IA pode acrescentar quase R$ 1 trilhão ao PIB brasileiro até 2030
O avanço da IA no PIB brasileiro dependerá da capacidade das empresas de transformar novas ferramentas em ganhos reais de eficiência e produção.
A inteligência artificial começa a ganhar peso nas projeções para o crescimento econômico brasileiro, com potencial de influenciar produtividade, investimentos e competitividade em diferentes setores.
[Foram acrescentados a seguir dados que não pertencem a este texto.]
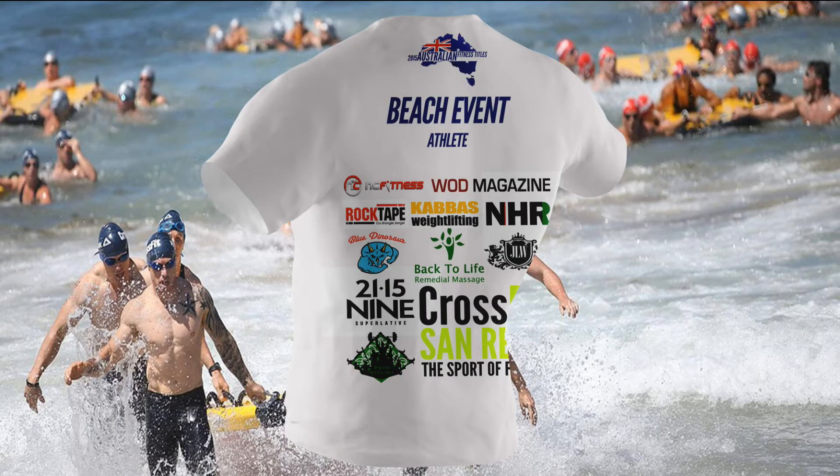If you haven't registered yet, head to australianfitnesstitles.com and follow the links to register. A big thank you to our sponsors for making this event possible: NC Fitness Australia, WOD Magazine, Rock Tape, Blue Dinosaur Paleo Bars, 2115.9, Adventure Fit Travel, Paleo Manitour, Kabass Weightlifting, and Back to Life Medical Massage.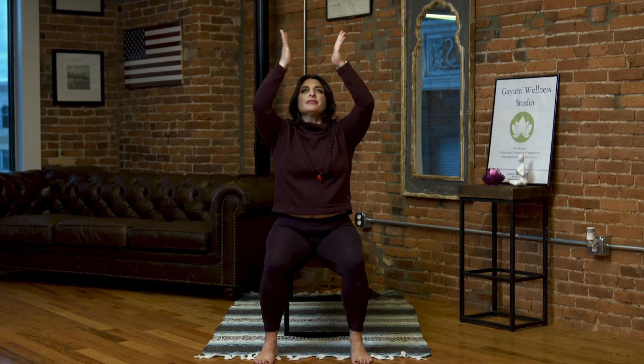Feeling good, feeling strong. Let's reach those arms out, open the chest. Inhale, reach those hands high. Palms together, and as we exhale, bring them to heart center.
Um estudo encomendado pela OpenAI estima que os efeitos da tecnologia possam somar até R$ 986,7 bilhões entre 2027 e 2030, desde que o país consiga avançar em qualificação, infraestrutura e capacidade de adoção empresarial.
IA pode acelerar a economia brasileira
A inteligência artificial pode adicionar até R$ 986,7 bilhões à economia brasileira entre 2027 e 2030, segundo estudo encomendado pela OpenAI.
A estimativa corresponde a aproximadamente 7,6% do Produto Interno Bruto (PIB) projetado para 2026 e indica um efeito acumulado de 2,77% ao longo de quatro anos.
Em média, a tecnologia poderia acrescentar cerca de 0,69 ponto percentual ao crescimento anual, embora os resultados dependam do ritmo de adoção entre empresas, trabalhadores e governo.
O principal canal desse avanço deve vir da produtividade do trabalho, responsável por 65% do impacto econômico total calculado pelo levantamento.
Os 35% restantes estariam associados ao uso mais eficiente de máquinas, equipamentos e outros ativos produtivos, com diferenças importantes conforme o perfil de cada setor.
Esse efeito não deve aparecer de forma imediata, porque a incorporação da IA depende de investimentos, qualificação profissional e adaptação dos processos internos.
Indústria lidera ganhos projetados com inteligência artificial
As indústrias de transformação aparecem como o setor com maior potencial de benefício, com impacto estimado de R$ 264,2 bilhões entre 2027 e 2030.
Outras atividades de serviços ocupam a segunda posição, com previsão de R$ 165,4 bilhões, enquanto o comércio pode receber contribuição aproximada de R$ 131,2 bilhões.
Na agropecuária, o impacto calculado chega a R$ 48,2 bilhões, com predominância dos ganhos relacionados ao capital e ao uso mais eficiente de equipamentos.
Nesse segmento, cerca de 92% do efeito previsto estaria ligado à produtividade dos ativos, característica associada ao peso das máquinas nas atividades rurais.
Nas atividades financeiras, o cenário é diferente, pois 87% do ganho esperado deve vir do aumento da produtividade dos profissionais que atuam no setor.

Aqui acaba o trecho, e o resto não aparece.